Jim Carroll

Music, Life and everything else

More digging in the Phoenix Park

When you are planning a large-scale public event which will attract a significant audience, there’s a lengthy and detailed process in place which must be adhered to by the event organiser. This planning process applies to everything from gardening events …

"A terrible mess": what the Phoenix Park looked like after last summer's shows. Photo by Aoife O'Connor

Tue, Jul 17, 2012, 08:48

   

When you are planning a large-scale public event which will attract a significant audience, there’s a lengthy and detailed process in place which must be adhered to by the event organiser. This planning process applies to everything from gardening events like Bloom In the Park to the recent series of concerts in the Phoenix Park and involves licence applications, event management plans, meetings with the relevant authorities, policing plans, health and safety briefings and a whole lot more of behind-the-scenes consultations. It means that a lot of administrative work has to be completed long before the production crew move onto a site to put the event infrastructure in place.


View of the Phoenix Park landscape at the Snow Patrol/Florence & The Machine show. Photo by Aoife O’Connor

In the case of events which take place in the Phoenix Park, the relevant licensing authority is Dublin City Council and concert promoters MCD therefore applied to the council for a licence to hold a number of concerts in the park this summer.

While the relevant applications are not online, a copy of the draft event management plan was available last week at the counter in the planning department in the council’s offices on Wood Quay (the plan for Madonna’s show at the Aviva Stadium next week was also there). Such plans are freely available to any member of the public who drops by and it’s interesting to have a look at the Phoenix Park plan in light of what happened the weekend before last at the Swedish House Mafia show.

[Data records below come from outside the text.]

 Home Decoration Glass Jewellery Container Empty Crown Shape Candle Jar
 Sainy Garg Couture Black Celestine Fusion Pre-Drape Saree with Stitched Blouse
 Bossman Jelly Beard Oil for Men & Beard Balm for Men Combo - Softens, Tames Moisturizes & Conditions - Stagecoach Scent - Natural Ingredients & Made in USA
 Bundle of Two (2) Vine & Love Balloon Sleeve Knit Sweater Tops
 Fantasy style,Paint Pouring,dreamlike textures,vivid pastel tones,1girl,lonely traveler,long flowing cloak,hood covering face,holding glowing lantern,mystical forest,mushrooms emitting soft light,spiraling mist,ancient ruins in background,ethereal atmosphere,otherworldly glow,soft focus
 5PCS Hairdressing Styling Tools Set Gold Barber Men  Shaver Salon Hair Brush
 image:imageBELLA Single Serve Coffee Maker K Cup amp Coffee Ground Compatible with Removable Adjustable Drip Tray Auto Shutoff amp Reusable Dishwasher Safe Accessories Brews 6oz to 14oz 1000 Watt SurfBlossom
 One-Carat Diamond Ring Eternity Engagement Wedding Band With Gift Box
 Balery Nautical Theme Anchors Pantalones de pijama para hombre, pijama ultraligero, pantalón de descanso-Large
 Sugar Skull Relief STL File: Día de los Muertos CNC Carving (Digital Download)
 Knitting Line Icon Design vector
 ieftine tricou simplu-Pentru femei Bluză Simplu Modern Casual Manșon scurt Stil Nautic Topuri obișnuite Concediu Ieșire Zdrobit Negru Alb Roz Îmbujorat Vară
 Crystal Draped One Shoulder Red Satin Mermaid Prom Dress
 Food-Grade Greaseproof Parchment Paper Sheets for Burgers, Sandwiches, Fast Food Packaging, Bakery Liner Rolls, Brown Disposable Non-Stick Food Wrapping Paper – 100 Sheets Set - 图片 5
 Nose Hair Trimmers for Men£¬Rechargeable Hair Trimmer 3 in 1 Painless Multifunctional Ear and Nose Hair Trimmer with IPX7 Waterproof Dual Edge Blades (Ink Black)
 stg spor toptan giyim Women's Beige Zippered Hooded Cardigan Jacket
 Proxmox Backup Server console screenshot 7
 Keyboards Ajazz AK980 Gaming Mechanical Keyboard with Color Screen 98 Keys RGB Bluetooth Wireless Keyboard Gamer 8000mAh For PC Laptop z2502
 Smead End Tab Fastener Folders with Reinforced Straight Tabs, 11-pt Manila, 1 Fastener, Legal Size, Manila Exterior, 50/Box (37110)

One of the criticisms which was leveled at the organisers again and again involved security and especially the policing of clearly intoxicated punters. There are a number of sections in the plan which refer to this: Section 6 of the plan refers to “Stewarding/Site Security”, with proposals regarding security organisation, identification and duties outlined in Section 15.

According to the plan, all security supervisors were to be briefed before the event by the Event Controller and Safety Officer and they, in turn, were to brief the personnel under their immediate control and to give them a document called “Duties of Security Personnel”.

This is a lengthy document which details what security personnel working at the event are supposed to do, depending on where they are stationed. It contains instructions about not allowing patrons to climb trees, wearing a DayGlo bib at all times and not to finish work until “each and every member of the public has left the premises in a safe and orderly manner”.

One of the most striking sections is 15.2, which outlines additional duties for stewards positioned at entraces and exit gates. One of these, subsection 2, states “do no allow patrons, in possession of alcohol or any offensive weapons or those who have consumed excessive alcohol, to enter the site”.

It’s worth reading again, especially in light of what we’ve heard about alcohol being brought onto the site, the number of weapons which were confiscated (the infamous hammer) and especially the clearly intoxicated state of the patrons when they turned up for the show. Let’s hope the question is asked if and why this instruction was ignored in the review of the event which the gardai and MCD are planning. Let’s hope a question is also asked about if different procedures were in place for each of the three shows and, if so, can these procedures be produced.

In light of this briefing to security personnel working at the event, and the fact that adhering with such an instruction might have resulted in a huge number of fans being turned away to roam the park, it is important to look at the number of and role of the non-public duty gardai on duty for the event. As we pointed out here last week, non-public duty gardai are expensive for the promoter – MCD paid €350,000 for non-public duty gardai at Oxegen 2008, for example – and the questions posed about this aspect of the security operation are further highlighted by the above security briefing.

MCD is promoting a series of 22,000 capacity shows next month in Marlay Park in south county Dublin featuring acts like Kasabian, Van Morrison, Tom Jones, Noel Gallagher and David Guetta. The relevant authority which grants licences for this venue is the Dun Laoghaire Rathdown County Council and MCD would have had to lodge an outdoor event licence application, fee of €2,500 and site drawings for these events with the council.

As is often the case with these licences, final approval is not given until very close to the wire (hence why you hear or see the line “subject to licence” on all advertisements for the event). It will be instructive to see how the council deal with this application and what additional questions, if any, will be asked about policing, profiling and especially the instructions given to security personnel about admission procedures.